Die Justizministerin Annemie Turtelboom höchstpersönlich hat jetzt aber eine Sondergenehmigung erteilt: De Valkeneer kann von Lüttich aus die Killer-Akte betreuen. Und er habe auch vor, das zu tun, sagte De Valkeneer in der RTBF. Hier gehe es nicht um eine Statisten-Rolle.
Er werde engen Kontakt halten mit dem Prokurator des Königs von Charleroi, Pierre Magnien, und verbürge sich dafür, dass er alles geben werde, damit die Akte vorankommt - weil er felsenfest davon überzeugt sei, dass die Ermittlungen eben nicht in einer Sackgasse stecken und dass man noch neue Elemente finden könne.

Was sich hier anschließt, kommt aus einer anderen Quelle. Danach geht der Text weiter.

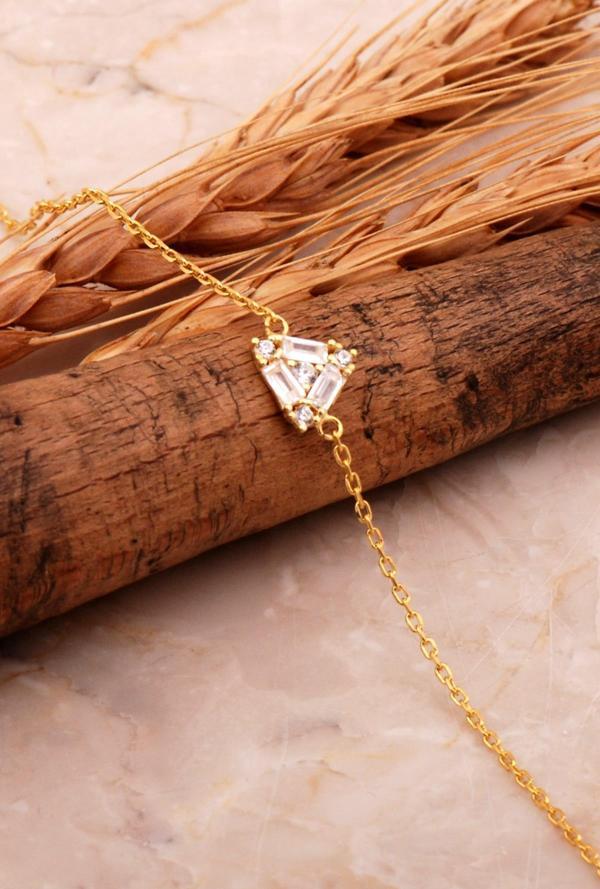 Baget Taşlı Altın Yaldızlı Üçgen Gümüş Bileklik 4563 - Image 1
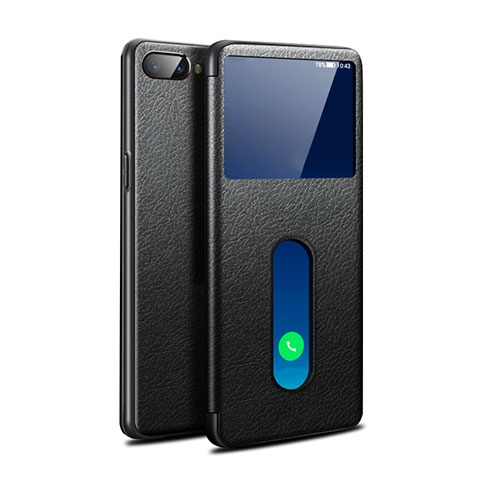 Funda de Cuero Cartera con Soporte Carcasa L05 para Oppo A12e Negro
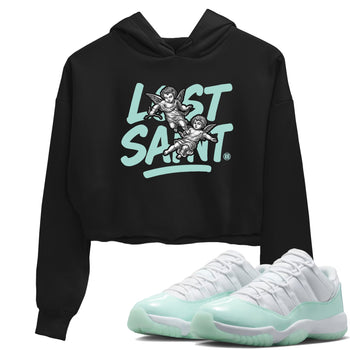 Lost Saint womens crop tee made to vibe with the Air Jordan 11 Igloo sneakers — the perfect match in Black 1.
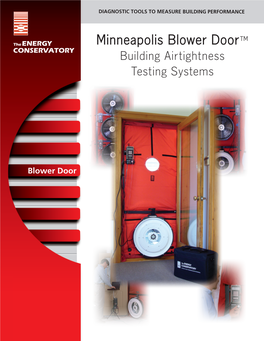 Minneapolis Blower Door™ CONSERVATORY Building Airtightness Testing Systems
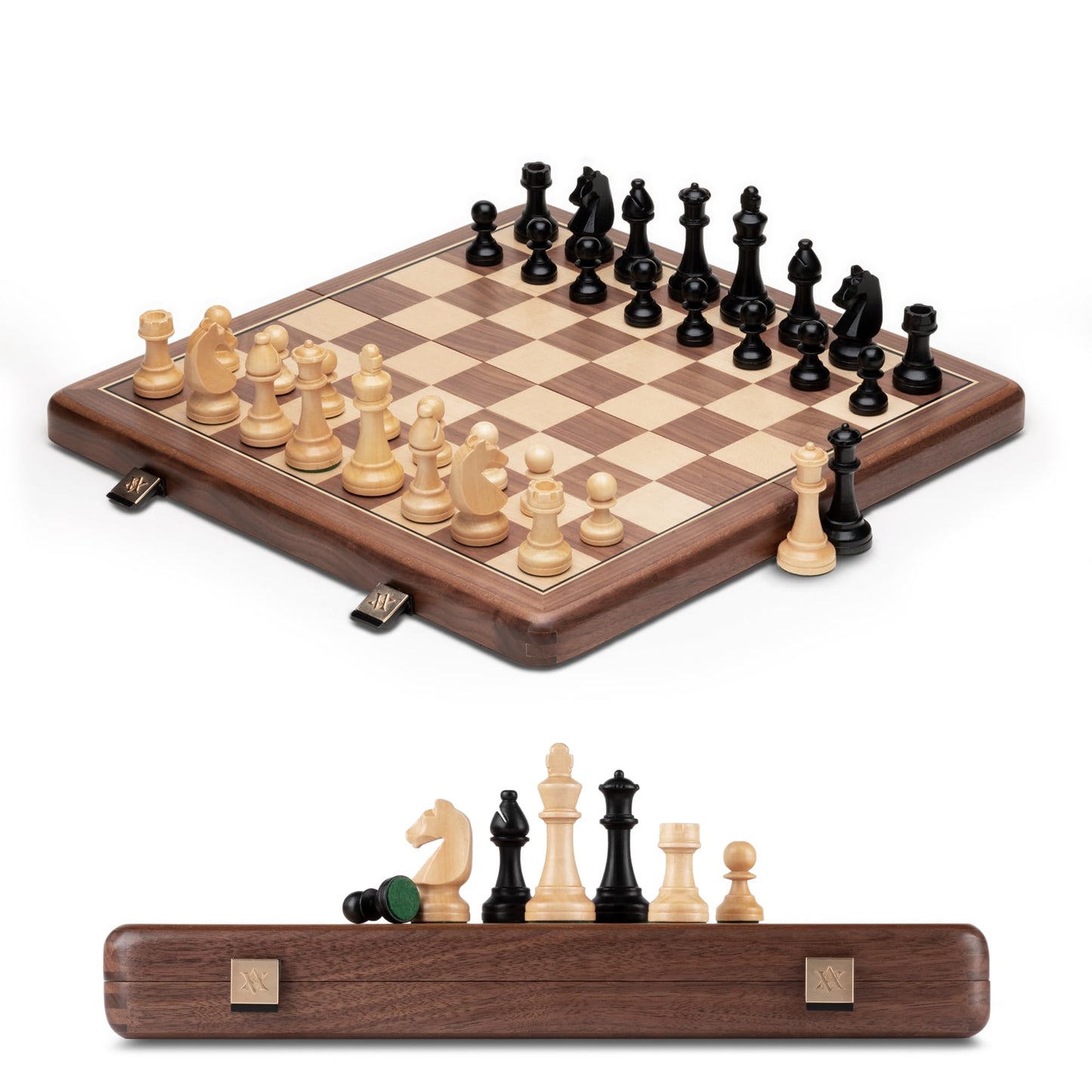 A&A 15 inch Wooden Folding Chess Set w/ 3 inch King Height Staunton Chess Pieces / 2 Extra Queens - Natural Walnut Wood w/Storage Bag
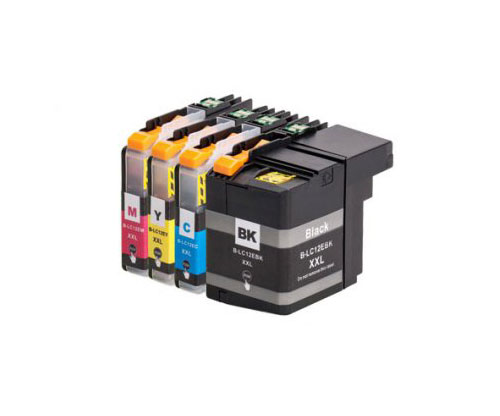 4 Compatible Ink Cartridges, Brother LC-12E BK Black + Color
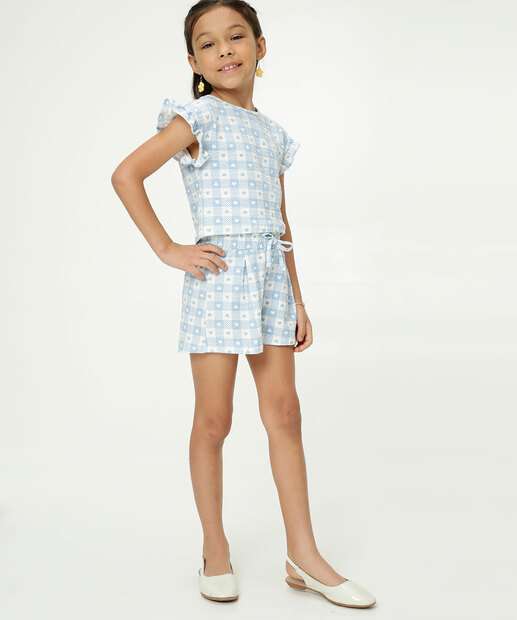 Blusa Infantil  Estampa Xadrez E Corações Marisa Tam 4 a 10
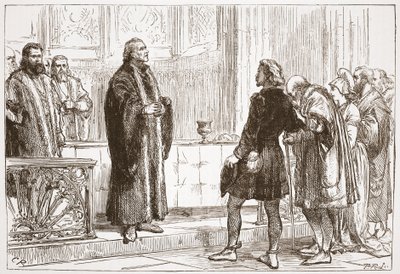 ハラー博士がベルン大聖堂で晩餐を分配しました。ジェームズエイトケンワイリー（1808-1890）による「プロテスタンティズムの歴史」のイラスト、パブ。 1878 作： English School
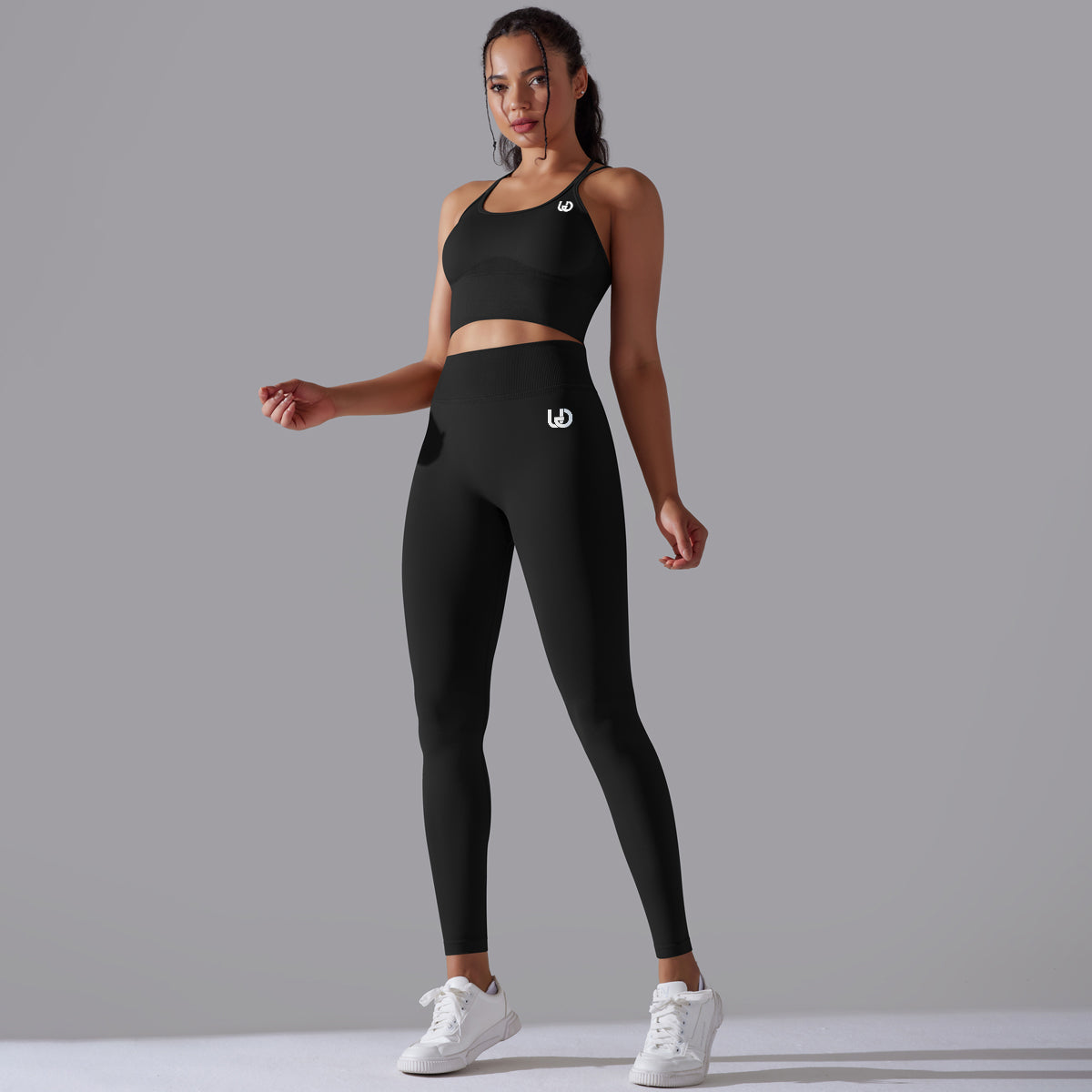 Margarita | Conjunto de leggings y top - Negro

Ermittlungen möglicherweise manipuliert
Die Atmosphäre um die Ermittlungen ist äußerst vergiftet. Seit die Justizbehörden von Charleroi den Fall übernommen haben, haben die neuen Ermittler gewisse Ergebnisse überprüft und neue Suchaktionen durchgeführt. Dabei sind neue Erkenntnisse ans Licht gekommen, die zumindest befremdlich sind. So stellte sich jetzt heraus, dass einige zentrale Befunde falsch waren.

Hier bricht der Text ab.